* Problem details *
Pictures appear among the records below and must be omitted. Repeat exactly the lines from the line with "Volkswagen ID.4 Performance Pure" to the line with "Princess_Milli", both included.

* Available data *
*** Begin section ***
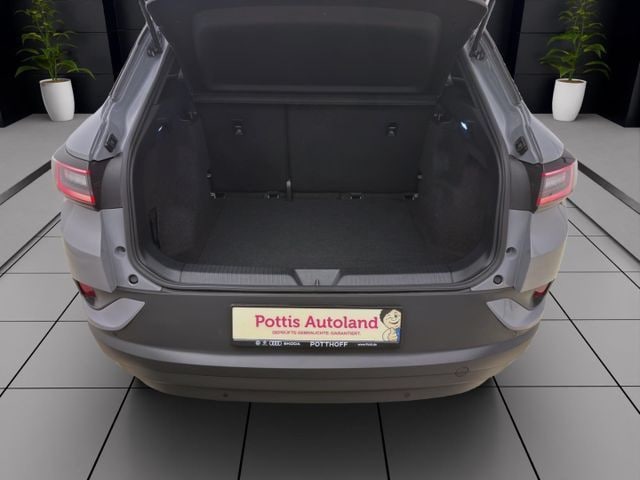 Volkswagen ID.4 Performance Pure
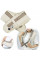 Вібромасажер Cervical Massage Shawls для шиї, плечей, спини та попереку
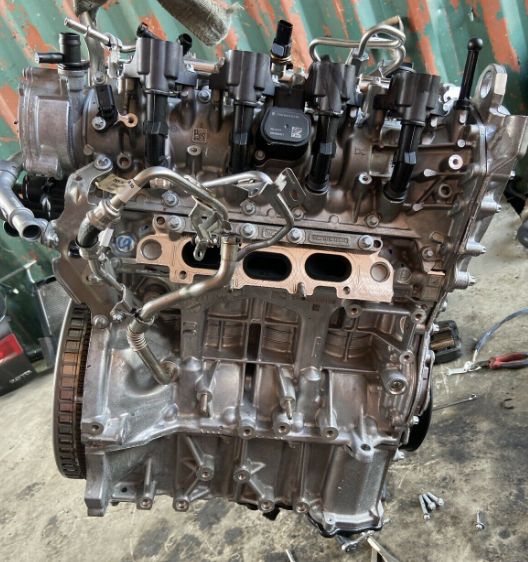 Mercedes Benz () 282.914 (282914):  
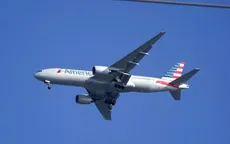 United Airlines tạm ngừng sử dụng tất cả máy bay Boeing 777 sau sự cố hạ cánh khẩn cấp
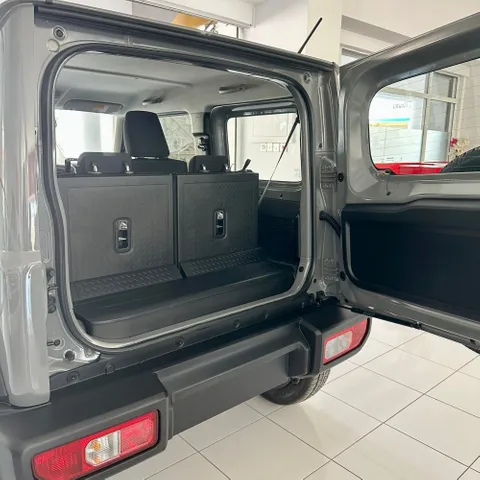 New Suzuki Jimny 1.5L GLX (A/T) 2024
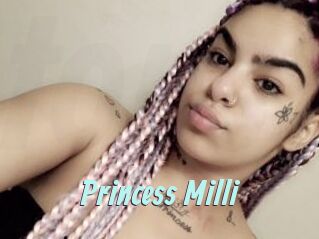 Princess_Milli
*** End section ***
*** Begin section ***
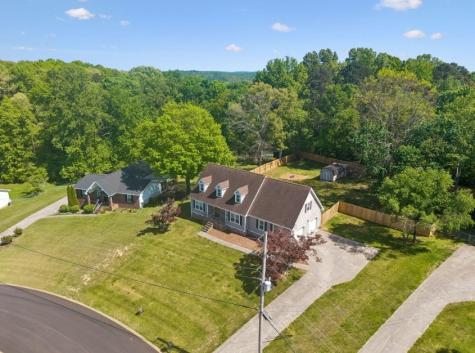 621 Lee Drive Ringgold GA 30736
*** End section ***
* Result *
 Volkswagen ID.4 Performance Pure
 Вібромасажер Cervical Massage Shawls для шиї, плечей, спини та попереку
 Mercedes Benz () 282.914 (282914):  
 United Airlines tạm ngừng sử dụng tất cả máy bay Boeing 777 sau sự cố hạ cánh khẩn cấp
 New Suzuki Jimny 1.5L GLX (A/T) 2024
 Princess_Milli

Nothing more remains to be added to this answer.